Visitors to Goodwood’s summer racing and motorsport festivals cannot have missed the blizzard of ‘frack off’ posters on the A286 Fernhurst-Chichester road. This was no mere gesture towards Balcombe, now the most famous place in England, let alone West Sussex, as the antifracking protest there enters a third, headlining week. Fracking is coming to a picture-postcard village near you, according to a map produced by the Department of Energy & Climate Change (DECC) (below) of sites already licensed or under review for oil and shale-gas exploration. Fernhurst, near Balcombe, is next on the list, and planning applications are either expected or due for renewal in the next few weeks at Rhondda Cynon Taf in South Wales, Westby, Weeton and Singleton (Lancashire), and Long Eaton (Nottinghamshire).
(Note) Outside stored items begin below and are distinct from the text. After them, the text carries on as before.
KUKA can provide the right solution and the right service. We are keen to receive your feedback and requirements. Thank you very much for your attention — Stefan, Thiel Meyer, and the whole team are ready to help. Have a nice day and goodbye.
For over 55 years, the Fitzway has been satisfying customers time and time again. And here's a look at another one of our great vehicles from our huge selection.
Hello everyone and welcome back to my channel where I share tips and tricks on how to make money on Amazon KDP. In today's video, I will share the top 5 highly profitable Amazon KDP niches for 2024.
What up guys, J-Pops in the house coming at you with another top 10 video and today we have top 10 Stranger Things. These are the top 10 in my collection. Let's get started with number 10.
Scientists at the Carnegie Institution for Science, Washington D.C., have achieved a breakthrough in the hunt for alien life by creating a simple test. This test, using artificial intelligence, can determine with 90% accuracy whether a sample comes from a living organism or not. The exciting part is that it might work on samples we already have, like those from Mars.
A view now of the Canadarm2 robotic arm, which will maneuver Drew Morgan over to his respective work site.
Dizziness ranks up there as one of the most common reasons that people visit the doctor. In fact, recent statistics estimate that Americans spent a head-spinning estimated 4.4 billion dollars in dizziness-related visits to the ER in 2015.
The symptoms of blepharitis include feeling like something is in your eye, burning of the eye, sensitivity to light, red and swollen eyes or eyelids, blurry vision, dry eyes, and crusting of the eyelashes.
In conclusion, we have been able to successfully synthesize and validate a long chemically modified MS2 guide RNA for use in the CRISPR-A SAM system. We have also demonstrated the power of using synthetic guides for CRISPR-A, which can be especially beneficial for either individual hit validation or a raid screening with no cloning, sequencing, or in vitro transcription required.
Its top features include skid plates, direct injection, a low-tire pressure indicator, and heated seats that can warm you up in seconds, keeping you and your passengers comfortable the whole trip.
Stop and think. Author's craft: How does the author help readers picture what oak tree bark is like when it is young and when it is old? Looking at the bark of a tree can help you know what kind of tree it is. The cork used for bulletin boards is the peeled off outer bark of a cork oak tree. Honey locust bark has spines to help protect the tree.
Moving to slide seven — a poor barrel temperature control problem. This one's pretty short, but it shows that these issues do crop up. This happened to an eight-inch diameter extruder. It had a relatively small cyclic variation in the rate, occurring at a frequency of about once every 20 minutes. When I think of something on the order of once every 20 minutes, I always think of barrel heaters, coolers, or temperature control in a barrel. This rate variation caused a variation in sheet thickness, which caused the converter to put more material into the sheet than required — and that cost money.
Scotland faces multiple proposals for coal-bed methane, the lesser-known sibling of shale gas.
The speed with which the Government has flipped its attention from renewables back to fossil fuels, when knowledge is still in the embryo stage, alarms campaigners as much as the potential blot on the landscape or fears that water will be contaminated with carcinogens. ‘With a lack of information that anyone trusts, you can only go on what has happened in the USA- contamination, tremors and road accidents involving lorries carrying pollutants,’ explains campaigner Marcus Adams of Frack Free Fernhurst.
He hopes an imminent planning application will be rejected by the South Downs National Park Authority; the Fernhurst rig would be visible from Blackdown Hill, which inspired Lord Tennyson. Mr Adams, who has high profile support from the South Downs Society and the area’s biggest landowner, Lord Cowdray, says cheaper utility bills and a promised community payment of £100,000 can’t compensate for a possible 20% drop in property values in a desirable village. Hamptons International reports that a local sale has already fallen through because of fracking. The process also uses copious amounts of water-about 40,000 gallons per frack, with added lead, ethylene glycol, methanol, hydrochloric acid and formaldehyde. In 2011, the CPRE cautioned the DECC shale-gas inquiry that six reservoirs were already needed in the South to meet domestic demand. Some observers claim that rigs are necessary every couple of miles to be viable.
Since early 2010, NoFiBS (the No Fracking in Balcombe Society) has fought Simon Greenwood, who is a cousin of Lord Cowdray, but apparently doesn’t share his views. Mr Greenwood leased land on his Balcombe estate to Cuadrilla, operators of the Lancashire site where drilling was suspended for 18 months after being blamed for tremors. A different corporation abandoned exploratory drilling in Balcombe in 1986, using earlier technologies. Local objectors are now outnumbered by visitors and ‘professional’ protestors. NoFiBS coordinator Kathryn McWhirter admits to feeling uneasy about joining the media spotlight beside full-time eco-warriors and a daily complement of 40 policemen. She says: ‘Most villagers aren’t keen to take a midsummer holiday in a police cell, but this isn’t just a Sussex issue-it’s an international one.’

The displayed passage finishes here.